They’re just like twelve avengers! There’s a story behind each general, though none are simply transient heroes. They’re rather deep stories, actually, that wouldn’t be so crazy to turn into Hollywood movies. Kids these days are obsessed with Kamen Rider, Squadron and Ultraman, but all of these no doubt issue from the Twelve Heavenly Generals (at least as I imagine it).
The way Japanese think about religion is unique. Many Japanese who have given birth make a visit to a Shinto shrine. Later visits come at ages 3, 5 and 7. After becoming adults, many will get married at a church. When they die, they’ll have a Buddhist funeral. Between birth and death, many Japanese participate in some form of the three religions of Shinto, Christianity and Buddhism. I think this is probably rare. Certainly the freedom to worship is not unique and is recognized in places around the world, but perhaps Japanese practice the most diversified mix.
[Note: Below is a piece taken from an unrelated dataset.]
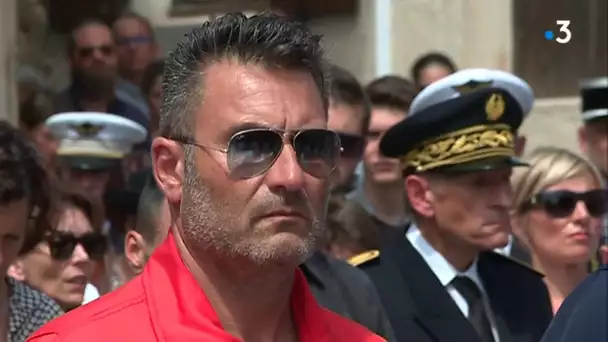 Bouches-du-Rhône : obsèques de Franck Chesneau, pilote mort “en héros” dans les incendies du Gard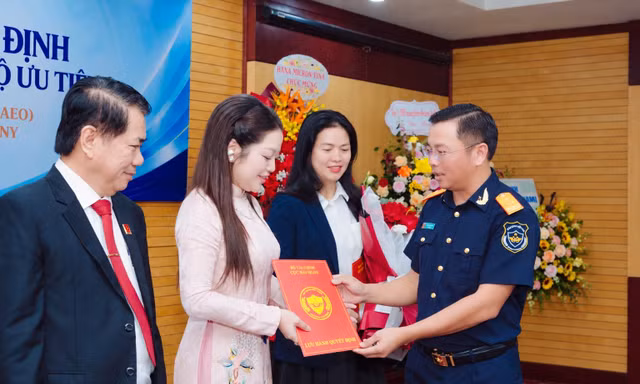Cải cách thủ tục hải quan : Gỡ nút thắt, giảm chi phí cho doanh nghiệp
Japan’s native Shintoism is polytheistic. Gods reside in all things. There’s a god of the mountain, of the ocean, of the rice field, and of the river. Just recently we’ve heard a lot about a god of toilets even! Such theism underlies Japanese religious belief and probably explains why Japan can easily accommodate other religions. Shrines and temples are so immersed in the lives of Japanese that many are not even aware of them. It seems that individuals from abroad are much better able to appreciate their charm. When solemnly and pure of mind they pass through the gates, breathe deeply, lower their head before the Buddha and ask for direction with humility, then they certainly seem to be getting a richer experience than they would at, say, the movies.
Tokozenji, where I was granted permission to photograph the Buddha, is in Kamariya, Kanazawa-ku. I’ve been to a relatively large number of temples and shrines, but this one is wonderful. While neither huge nor particularly glorious, it quietly carries on with the essence of a Japanese temple. Open the big gates wide: this is a place to visit when alive (not at one’s funeral). Because at this very moment of some eternal cycle, this place makes you feel alive!